Given an array of strings words, return the longest word that can be built one character at a time by other words in the array. If multiple answers, return the lexicographically smallest.
Input: ["w","wo","wor","word","work"] → Output: "word"Input: ["a","banana","app","appl","ap","apply","apple"] → Output: "apple"
Build a Trie. For each word, it is valid if every prefix is also in the Trie as a complete word. BFS/DFS from root finding longest valid path.
- Insert all words into Trie.
- BFS from root: add a node to queue only if it represents a complete word (isEnd=true).
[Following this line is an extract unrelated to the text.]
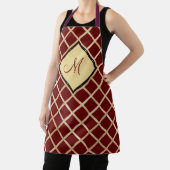 Tablier Monogramme Motif géométrique Diamant Or Rouge (Insitu)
- Track the longest (then lexicographically smallest) word.
import java.util.*;
class Solution {
public String longestWord(String[] words) {
Trie trie = new Trie();
for (String w : words) trie.insert(w);
String result = "";
// BFS
Queue<String> q = new LinkedList<>();
q.offer("");
while (!q.isEmpty()) {
String cur = q.poll();
if (cur.length() > result.length() || (cur.length() == result.length() && cur.compareTo(result) < 0))
result = cur;
for (char c = 'a'; c <= 'z'; c++) {
String next = cur + c;
if (trie.search(next)) q.offer(next);
}
}
return result;
}
// Simple Trie for this problem
static class Trie {
boolean[][] isEnd; // simplified
Map<String,Boolean> set = new HashSet<>() {{ }};
Set<String> words = new java.util.HashSet<>();
public void insert(String w) { words.add(w); }
public boolean search(String w) { return words.contains(w); }
}
}
- Time Complexity: O(N * L) where L=max word length
- Space Complexity: O(N * L)